Tuesday, March 31, 2009

4G 3G wtf?

If you're a modern-type, and by modern I mean you e-mail more than you fax, you probably have been scratching your head lately about the choices in communicating via phone, Internet, skype and VoIP. And for entertainment, should you continue with cable? Try dish or direct tv? Watch everything via your computer screen? Or should you just Netflix what you want, or download it via youtube or iTunes or whatever else comes out of the digital birth canal?

Ah, the choices. All this G stuff. iphones are 3G, wi-fi is 4G. It's all so confusing, eh? As are the consolidation/bundle/cancel options.

My husband and I are still in the throes of merge, and discussions on what to consolidate, what to keep separate, what to banish entirely fill the allotted pragmatic plate. A few weeks ago we pondered the latest "bundle" offer from Comcast. $114.95 for basic cable, land line and Internet. Since I was currently paying Comcast $120 for just Internet and tv, I thought that by eliminating Qwest and Sprint, we'd be saving $80, so I called for a disconnect and had my brand new husband call for installation under the new service price.

Of course, I knew it wouldn't be that simple.

So the installer shows up on appointed day (after a snafu which included an inadvertent cancellation of my cancellation, thus generating a new invoice, leading me to suspect that I'd be paying double for the next month) and right away, he pronounces amazement and surprise when I query him about the wireless component to the order. "Wireless," says he. "Ain't gat no order for wireless. Don't even have a modem with me in the truck."

"No problem, I have the modem and the router already."

"Oh, well, this here is a differnt type of hook-up. They'd charge you an additional $100 for the wireless hook up."

"What hook up?" I vehemently protested. "It's already hooked up. All you have to do is hook up the phone."

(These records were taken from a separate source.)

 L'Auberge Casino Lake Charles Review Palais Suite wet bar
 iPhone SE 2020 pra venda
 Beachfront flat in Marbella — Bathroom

So, with the impatient installer standing in the doorway, I dialed up Comcast on my iphone (dialed isn't right with the iphone, I know. We need to invent some new phone-calling verbs. For now, let's say smeared. I smeared my fingers over the screen), and after the queue of mirrors, was told I was shit out of luck. I'd have to reschedule my hook up, and my installation would be $100 instead of $45, and then there was a sur-charge for this and a tax on that. I hung up the iphone. No, make that tapped END CALL, or whatever it says in that red rectangle.

Long story short, I decided, Who the hell needs a zillion sports channels and a landline that seems to serve only to usher forth phone calls from solicitors? All I really need is Internet. Fast, furious, Internet.

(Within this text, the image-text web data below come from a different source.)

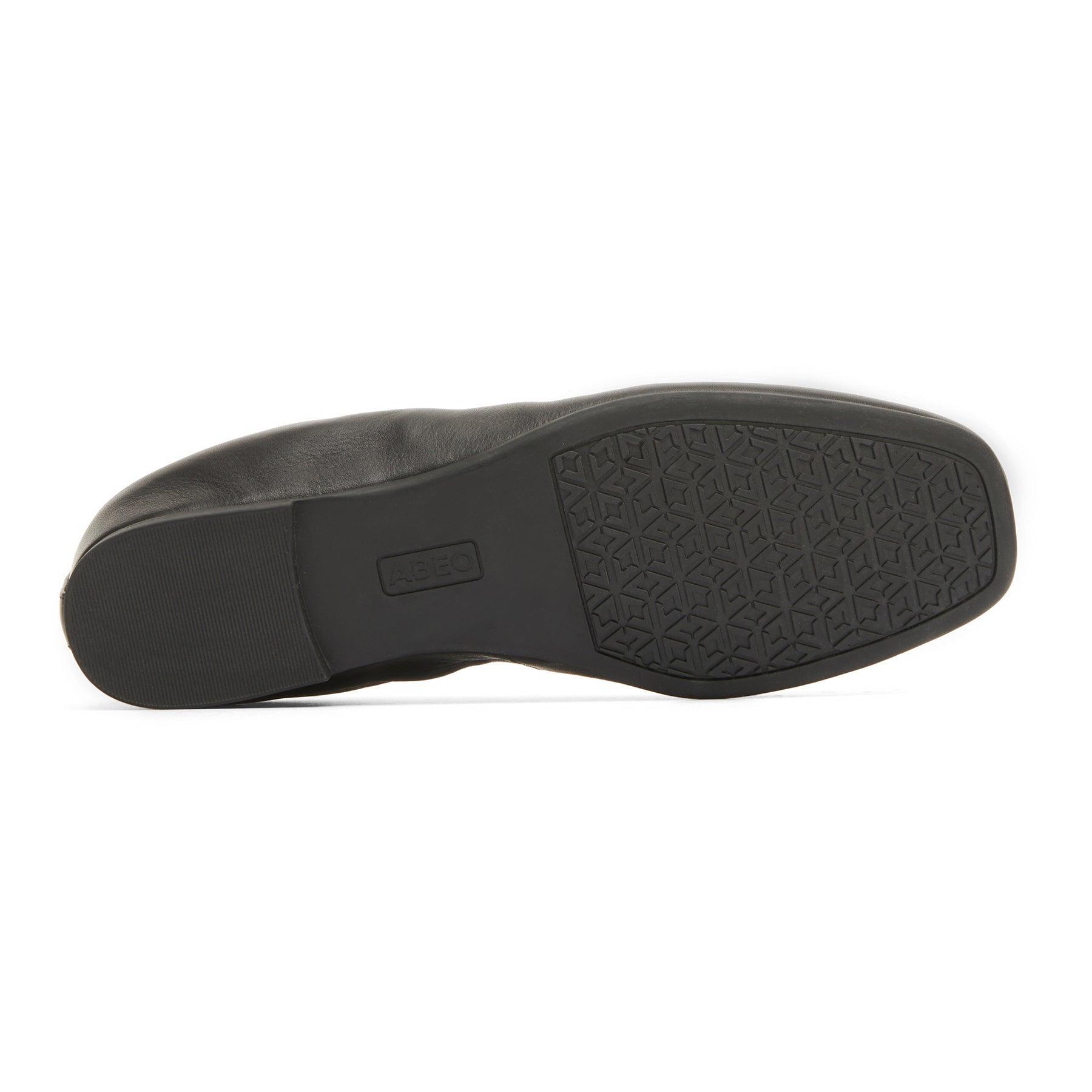 Cadence Bow Metatarsal Female Product Image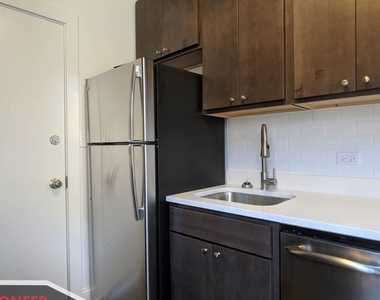 2641 N Spaulding Avenue - Photo Thumbnail 7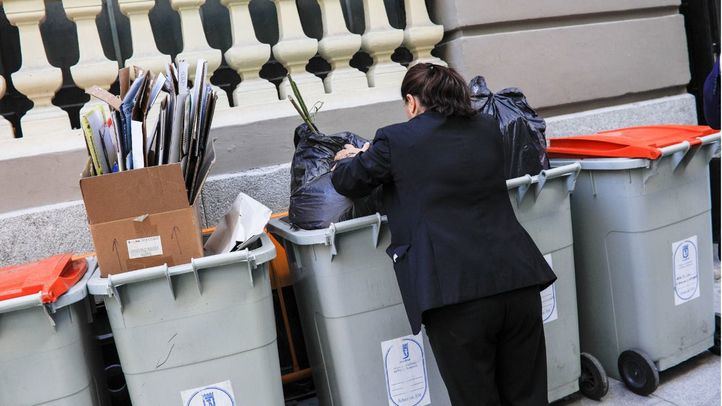 Cubos de basura en una de las calles de la capital
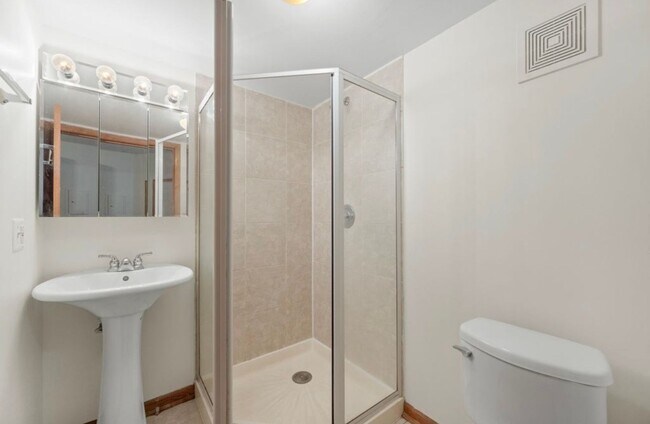 Building Photo - Spacious 2-Bedroom, 2-Bath Condo AVAILABLE NOW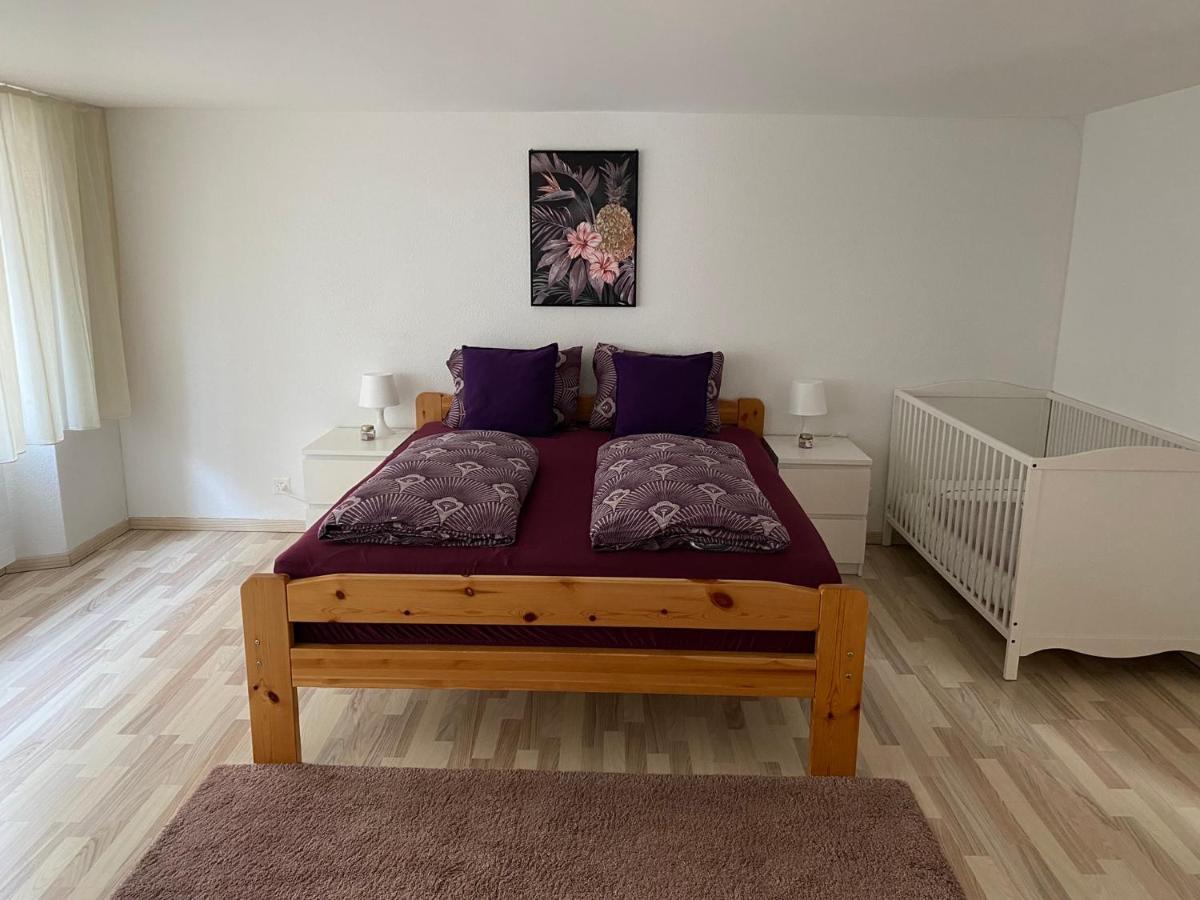 Apartamento Haus Wiggis Netstal Exterior foto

Luckily, Portland is a test market for a great new Wi-Max service (4G) called clear. They have mobile Internet, home Internet and phone services all compartmentalized with gradient pricing. After a little investigation, I found out that I could get exactly what I needed for $35 a month (and five of that is modem rental). The best part was, I simply took the modem out of the box, plugged it in, and voila!

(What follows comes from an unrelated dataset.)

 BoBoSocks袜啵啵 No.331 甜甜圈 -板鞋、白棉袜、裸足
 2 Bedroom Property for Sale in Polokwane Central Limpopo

If you live in the Portland area and you're sick of Qwest and/or Comcast and their big box bullshit, call my guy, Simon Benz: (503) 875-4709. Or email him at simonbenz@clear.net . He'll come to your house with the goods and determine whether your location is in the clear zone, and hook you up! Tell him Suzy Soule sent you :)


  1. Thanks, Suzy, for explaining it all. If you haven't yet pulled all your hair out over Comcast, I can pull some of mine out in sympathy. I plan to smear my fingers over my - wait, I don't have an iPhone. Well, okay, tap the buttons on my regular phone soon and get on this road to Wimax joy. Yay for alternatives!

  2. NOOO!! Clear is everywhere. They've been littering the PSU campus with fliers, cards, and annoying people in tents bugging me about my cellphone internet. While I am all pro-internet usage. Clear's marketing strategy is driving me crazy.

    But on that note, I am moving in to a new apartment soon so I may have to look in to getting Clear seeing as how I only need the internet.

  3. It's cheap, fast and reliable--what else do you need? Yeah, Clear is hitting it hard, particularly around PSU--but they're still small enough to have really awesome, human customer service. Go for it!